Lavender is a surprisingly versatile dessert ingredient with a strong affinity to cream. It's a love-it-or-hate-it kind of herb, but the creaminess subdues its at-times overwhelming intensity. Hyssop has largely fallen out of Western culinary use, which is a shame given its long history dating back to ancient times. Fortunately it's increasingly common in gardens and at farmers' markets.
Though somewhat minty, it has a full-bodied, rounded flavor that makes mint look like toothpaste fodder by comparison. A whiff evokes wide-open meadows and bright summer days and tea sandwiches on the veranda.

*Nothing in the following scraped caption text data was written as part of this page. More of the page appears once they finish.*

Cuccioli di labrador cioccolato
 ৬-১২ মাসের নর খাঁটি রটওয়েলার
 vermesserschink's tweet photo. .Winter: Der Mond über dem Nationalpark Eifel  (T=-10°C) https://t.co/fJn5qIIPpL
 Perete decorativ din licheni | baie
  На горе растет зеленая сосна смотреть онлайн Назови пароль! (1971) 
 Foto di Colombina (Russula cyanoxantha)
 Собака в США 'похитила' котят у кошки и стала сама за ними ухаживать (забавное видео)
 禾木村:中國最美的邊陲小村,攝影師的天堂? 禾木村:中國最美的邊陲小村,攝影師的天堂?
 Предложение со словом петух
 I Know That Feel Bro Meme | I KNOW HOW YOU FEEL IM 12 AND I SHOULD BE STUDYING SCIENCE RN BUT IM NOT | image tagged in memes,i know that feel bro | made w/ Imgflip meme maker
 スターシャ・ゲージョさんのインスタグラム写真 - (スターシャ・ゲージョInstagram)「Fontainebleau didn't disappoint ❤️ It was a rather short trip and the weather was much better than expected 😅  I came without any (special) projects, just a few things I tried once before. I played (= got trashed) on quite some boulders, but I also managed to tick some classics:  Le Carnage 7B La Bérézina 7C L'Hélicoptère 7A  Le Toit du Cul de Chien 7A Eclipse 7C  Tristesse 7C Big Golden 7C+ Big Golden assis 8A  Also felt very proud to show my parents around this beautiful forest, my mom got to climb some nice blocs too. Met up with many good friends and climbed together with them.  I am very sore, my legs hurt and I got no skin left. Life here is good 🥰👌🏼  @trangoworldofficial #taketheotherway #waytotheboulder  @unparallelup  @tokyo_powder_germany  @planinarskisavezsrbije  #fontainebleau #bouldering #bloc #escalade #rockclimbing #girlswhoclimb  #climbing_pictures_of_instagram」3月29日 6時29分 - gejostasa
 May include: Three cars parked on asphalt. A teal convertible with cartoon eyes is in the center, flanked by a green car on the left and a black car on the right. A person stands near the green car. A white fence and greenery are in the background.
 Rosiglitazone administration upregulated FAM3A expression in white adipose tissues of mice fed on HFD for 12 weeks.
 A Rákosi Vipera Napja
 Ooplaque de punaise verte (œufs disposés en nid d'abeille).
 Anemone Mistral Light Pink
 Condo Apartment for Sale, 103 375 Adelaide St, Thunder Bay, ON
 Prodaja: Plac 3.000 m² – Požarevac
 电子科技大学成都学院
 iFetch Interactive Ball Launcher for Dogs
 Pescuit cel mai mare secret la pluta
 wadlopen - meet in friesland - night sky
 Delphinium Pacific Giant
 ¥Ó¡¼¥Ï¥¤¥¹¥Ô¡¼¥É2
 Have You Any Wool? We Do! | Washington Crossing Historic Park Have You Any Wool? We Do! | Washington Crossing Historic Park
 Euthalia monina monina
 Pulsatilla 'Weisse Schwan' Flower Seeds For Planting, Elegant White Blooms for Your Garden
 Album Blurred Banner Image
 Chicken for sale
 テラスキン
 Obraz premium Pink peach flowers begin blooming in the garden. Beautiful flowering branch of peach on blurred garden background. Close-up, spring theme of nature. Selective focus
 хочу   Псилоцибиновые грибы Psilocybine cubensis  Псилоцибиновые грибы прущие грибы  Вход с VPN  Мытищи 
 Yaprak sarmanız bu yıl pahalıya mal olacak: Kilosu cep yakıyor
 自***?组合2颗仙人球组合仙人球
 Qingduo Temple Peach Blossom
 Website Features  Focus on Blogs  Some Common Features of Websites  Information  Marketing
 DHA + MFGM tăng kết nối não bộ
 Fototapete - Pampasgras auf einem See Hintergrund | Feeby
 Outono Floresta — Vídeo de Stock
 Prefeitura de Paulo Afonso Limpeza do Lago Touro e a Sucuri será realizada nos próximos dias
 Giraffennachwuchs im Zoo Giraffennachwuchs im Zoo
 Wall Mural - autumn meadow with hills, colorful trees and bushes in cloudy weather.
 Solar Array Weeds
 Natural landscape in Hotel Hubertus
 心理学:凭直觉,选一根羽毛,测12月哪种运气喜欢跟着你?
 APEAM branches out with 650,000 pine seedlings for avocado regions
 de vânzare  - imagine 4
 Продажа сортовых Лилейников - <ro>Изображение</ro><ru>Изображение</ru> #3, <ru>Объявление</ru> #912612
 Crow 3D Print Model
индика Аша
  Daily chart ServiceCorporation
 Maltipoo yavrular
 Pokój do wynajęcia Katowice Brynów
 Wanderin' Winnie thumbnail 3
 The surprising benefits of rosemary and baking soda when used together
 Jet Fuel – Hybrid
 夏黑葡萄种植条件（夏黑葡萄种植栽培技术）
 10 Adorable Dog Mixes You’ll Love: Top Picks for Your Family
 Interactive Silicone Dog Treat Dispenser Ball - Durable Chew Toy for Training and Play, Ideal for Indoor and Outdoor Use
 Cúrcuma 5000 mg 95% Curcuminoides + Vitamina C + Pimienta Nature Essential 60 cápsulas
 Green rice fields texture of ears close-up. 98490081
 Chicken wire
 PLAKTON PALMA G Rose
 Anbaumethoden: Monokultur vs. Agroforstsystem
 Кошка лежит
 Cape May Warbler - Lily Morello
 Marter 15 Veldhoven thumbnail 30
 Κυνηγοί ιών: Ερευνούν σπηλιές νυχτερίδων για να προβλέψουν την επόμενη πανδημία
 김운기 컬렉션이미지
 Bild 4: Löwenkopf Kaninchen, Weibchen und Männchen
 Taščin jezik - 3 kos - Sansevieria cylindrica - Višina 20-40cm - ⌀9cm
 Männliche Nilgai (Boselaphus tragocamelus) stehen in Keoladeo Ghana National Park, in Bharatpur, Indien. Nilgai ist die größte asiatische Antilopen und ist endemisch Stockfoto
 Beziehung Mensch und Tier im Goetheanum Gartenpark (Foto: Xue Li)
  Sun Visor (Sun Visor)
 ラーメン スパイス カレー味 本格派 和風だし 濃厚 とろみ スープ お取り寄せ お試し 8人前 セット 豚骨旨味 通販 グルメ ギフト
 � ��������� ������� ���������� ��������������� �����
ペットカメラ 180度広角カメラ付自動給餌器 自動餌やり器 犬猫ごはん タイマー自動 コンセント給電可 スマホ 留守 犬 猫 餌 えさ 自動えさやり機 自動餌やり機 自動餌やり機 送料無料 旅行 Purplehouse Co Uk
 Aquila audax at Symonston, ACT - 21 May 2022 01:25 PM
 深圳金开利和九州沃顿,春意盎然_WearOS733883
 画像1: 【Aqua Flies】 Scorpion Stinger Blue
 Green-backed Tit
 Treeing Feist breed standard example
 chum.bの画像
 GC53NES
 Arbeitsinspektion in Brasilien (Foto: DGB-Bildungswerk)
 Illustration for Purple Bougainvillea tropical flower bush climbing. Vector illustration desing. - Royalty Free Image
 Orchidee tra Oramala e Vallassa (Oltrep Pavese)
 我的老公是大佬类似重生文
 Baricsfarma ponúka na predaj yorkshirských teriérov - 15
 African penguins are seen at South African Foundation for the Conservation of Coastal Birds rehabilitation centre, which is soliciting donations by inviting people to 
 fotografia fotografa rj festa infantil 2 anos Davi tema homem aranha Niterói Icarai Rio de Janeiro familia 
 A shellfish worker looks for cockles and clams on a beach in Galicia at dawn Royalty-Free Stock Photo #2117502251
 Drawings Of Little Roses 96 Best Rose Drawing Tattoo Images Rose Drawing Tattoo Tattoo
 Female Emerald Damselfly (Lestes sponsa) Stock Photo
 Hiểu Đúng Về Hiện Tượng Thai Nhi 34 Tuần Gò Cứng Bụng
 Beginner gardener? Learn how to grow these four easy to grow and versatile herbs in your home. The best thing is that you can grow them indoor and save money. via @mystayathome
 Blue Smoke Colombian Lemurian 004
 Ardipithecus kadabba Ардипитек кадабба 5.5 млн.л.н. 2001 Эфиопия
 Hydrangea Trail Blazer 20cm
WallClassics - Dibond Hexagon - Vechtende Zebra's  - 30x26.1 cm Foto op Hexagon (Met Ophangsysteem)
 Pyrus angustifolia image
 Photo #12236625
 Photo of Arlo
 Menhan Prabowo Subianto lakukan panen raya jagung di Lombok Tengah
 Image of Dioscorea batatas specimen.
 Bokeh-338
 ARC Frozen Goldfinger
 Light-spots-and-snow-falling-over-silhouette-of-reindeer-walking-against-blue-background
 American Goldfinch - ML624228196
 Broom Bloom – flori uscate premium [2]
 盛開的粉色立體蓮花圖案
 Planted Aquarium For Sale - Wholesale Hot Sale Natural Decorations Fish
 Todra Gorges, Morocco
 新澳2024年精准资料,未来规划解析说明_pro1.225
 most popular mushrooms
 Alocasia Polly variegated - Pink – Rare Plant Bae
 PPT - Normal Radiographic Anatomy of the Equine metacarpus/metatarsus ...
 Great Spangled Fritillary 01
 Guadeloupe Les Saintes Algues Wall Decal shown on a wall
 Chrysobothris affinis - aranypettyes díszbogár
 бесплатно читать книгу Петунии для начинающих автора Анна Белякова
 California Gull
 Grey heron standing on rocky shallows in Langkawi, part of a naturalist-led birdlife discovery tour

If you can score some fresh hyssop, by all means use it, but this herb takes well to drying and the dried leaves have plenty of flavor. Both it and lavender pair beautifully with the complex sweetness of honey, so using that as our sweetener was a no-brainer. Honey also makes for a velvet-smooth texture.
Both herbs can become bitter if used too heavily or steeped for too long. While a bunch of mint leaves is best steeped for up to two hours, much smaller amounts of these herbs reach their optimum flavor after half an hour to forty five minutes. The process, however, is the same: bring your dairy to a bare simmer, stir in the herbs, kill the heat, and cover. Just be sure to strain them before tempering your eggs. With this technique in hand, there's very few ice cream flavors out of your reach.
Max Falkowitz is a proud native of Queens, New York, will do just about anything for a good cup of tea, and enjoys long walks down the aisles of Chinese groceries.
- 2 cups of cream
- 1 cup of whole milk
- 6 large egg yolks
- 3/4 cup of light honey
- 1 tablespoon of dried lavender flowers
- 2 tablespoons of dried hyssop
- Pinch of salt
Combine the cream, milk, and salt in a pot. Slowly bring to a simmer. Turn off the heat and stir in the herbs. Cover and let sit for half an hour to forty five minutes.
When the cream mixture tastes herby enough, whisk together the egg yolks and honey. Reheat the cream mixture again till just hot but not simmering. Pour in the cream mixture through a strainer, making sure none of the herbs remain in the liquid or the pot. Whisk everything to combine, then pour it all back into the pot.
Slowly bring the mixture to a simmer, stirring frequently to prevent curdling or sticking to the bottom of the pot. After a few minutes, when the custard starts to feel thick, dip in a spoon and run your finger along the back. When the custard holds the line you drew without dripping, it's done.
You can chill it and spin it in your ice cream machine, but custards' flavor and texture benefit greatly from an overnight rest. Freeze according to manufacturer's instructions.